IPCC Climate Change Report Leak [VIDEO]: Global Warming 95% Human Caused; "You Can't Write An Equation For A Tree"

IPCC Climate Change Report Leak: The Fifth Assessment Report (AR5) from the UN Intergovernmental Panel On Climate Change (IPCC) is due next month, but there have already been leaks from the report.

Leaked drafts of the study seen by Reuters of say it is at least 95 percent likely that human activities - chiefly the burning of fossil fuels - are the main cause of warming since the 1950s.

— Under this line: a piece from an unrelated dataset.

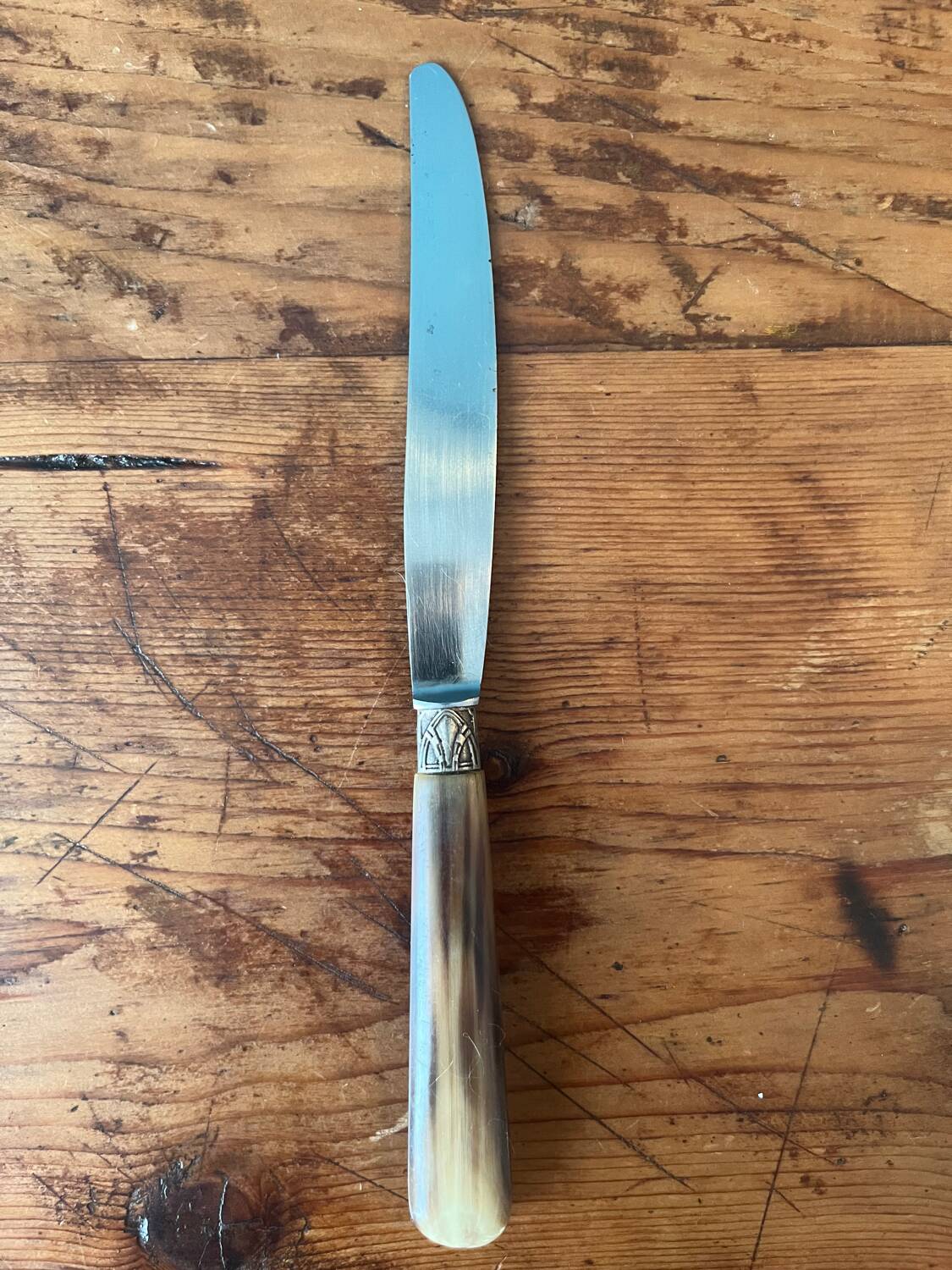 Gabriel Gay cutlery in silver metal with knives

That is up from at least 90 percent in the last IPCC climate change report in 2007, 66 percent in 2001, and just over 50 in 1995, which counters the arguments by a small minority of scientists that natural variations in the climate might be to blame.

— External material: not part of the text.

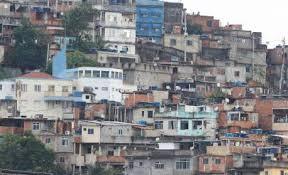 Quase 16,4 milhões de pessoas moram em favelas no Brasil, revela Censo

The possible effects of Climate Change and Global warming are animal and plant extinction, coastal flooding, and droughts.

Reto Knutti, a professor at the Swiss Federal Institute of Technology in Zurich, said: "We have got quite a bit more certain that climate change ... is largely manmade.  We're less certain than many would hope about the local impacts."

As for how Climate Change and Global Warming will affect nature, Knutti says that we can't really predict it: "You can't write an equation for a tree."

The IPCC Climate Change Report could come under scrutiny after the panel admitted a mistake in the 2007 study that wrongly predicted that all Himalayan glaciers could melt by 2035.  According to experts, the error far overestimated the melt and might have been based on a misreading of 2350.

The IPCC Climate Change Report Leak says there is "medium confidence" that the slowing of the rise in temperatures is "due in roughly equal measure" to natural variations in the weather, and to other factors affecting energy reaching the Earth's surface.  Scientists believe causes could include: greater-than-expected quantities of ash from volcanoes, dimming sunlight; a decline in heat from the sun during a current 11-year solar cycle; more heat being absorbed by the deep oceans; or the possibility that the climate may be less sensitive than expected to a build-up of carbon dioxide.